Cryptanalysis of Modular Exponentiation Outsourcing Protocols

Abstract

Abstract Public-key cryptographic primitives are time consuming for resource-constrained devices. A classical problem is to securely offload group exponentiations from a (comparatively) weak device—the client—to an untrusted more powerful device—the server. A delegation protocol must usually meet two security objectives: privacy—the exponent or the base should not be revealed to a passive adversary—and verifiability—a malicious server should not be able to make the client accept an invalid value as the result of the delegated computation. Most proposed protocols relies on a secret splitting of the exponent and the base, and a considerable amount of literature has been devoted to their analysis. Recently, Su et al. (Su, Q., Zhang, R. and Xue, R. (2020) Secure outsourcing algorithms for composite modular exponentiation based on single untrusted cloud. Comput.
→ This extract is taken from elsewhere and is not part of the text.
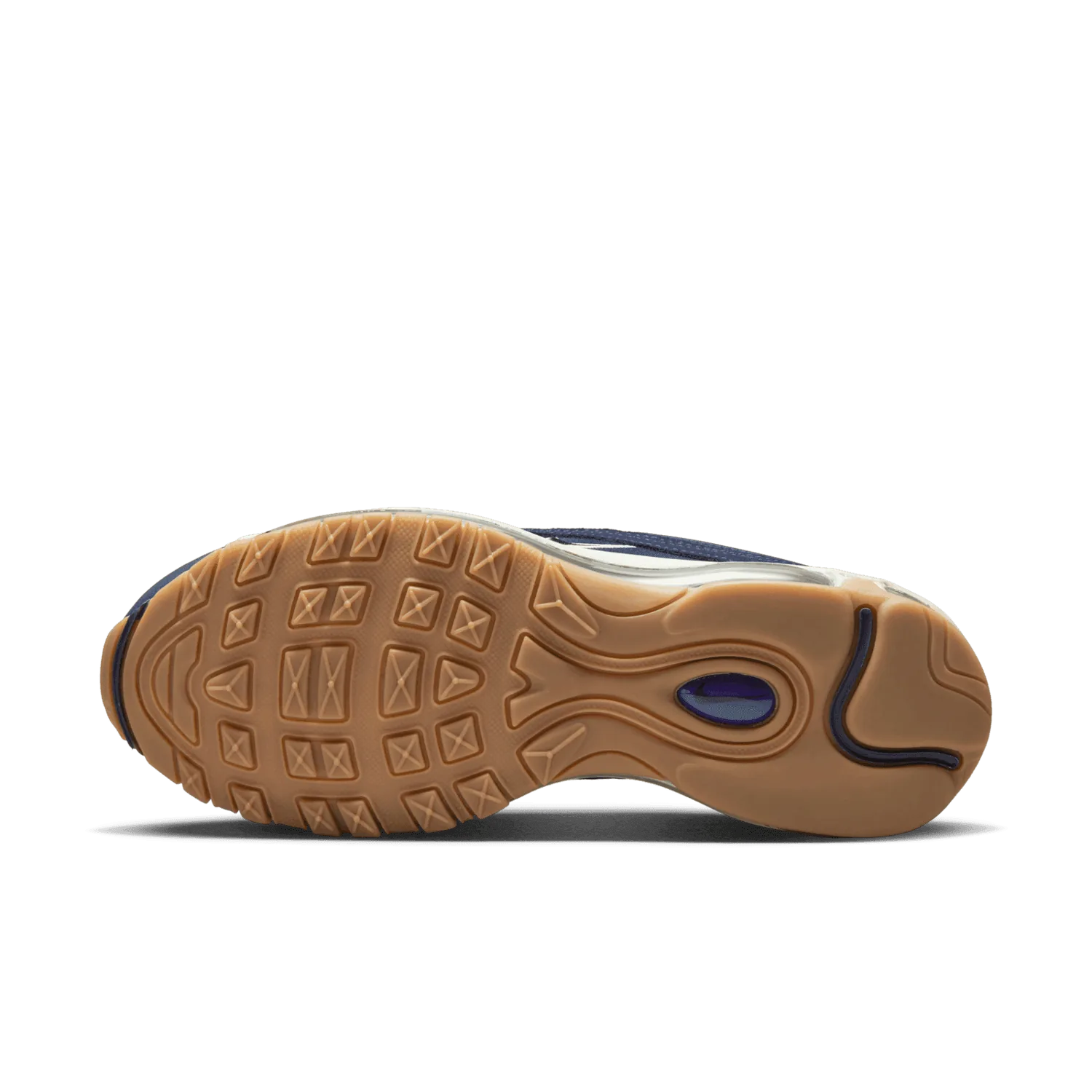 Nike Air Max 97 Obsidian Gorge Green (W) image 4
J., 63, 1271.) and Rangasamy and Kuppusamy (Rangasamy, J. and Kuppusamy, L. (2018) Revisiting Single-Server Algorithms for Outsourcing Modular Exponentiation. In Chakraborty, D. and Iwata, T. (eds), Progress in Cryptology - INDOCRYPT 2018: 19th International Conference in Cryptology in India, New Delhi, India, December 912, Vol. 11356, Lecture Notes in Computer Science. Springer, Heidelberg, Germany, pp. 320. proposed outsourcing protocols for modular exponentiations. They claim that their protocols achieve security (privacy and verifiability). We show that these claims are flawed and that their schemes are broken beyond repair. They remain insecure even if one increases significantly the proposed parameters (and consequently the protocols computational and communication complexities). Our attacks rely on standard lattice-based cryptanalytic techniques, namely the Coppersmith methods to find small integer zeroes of modular multivariate polynomials and simultaneous Diophantine approximation methods for the so-called approximate greatest common divisor problem.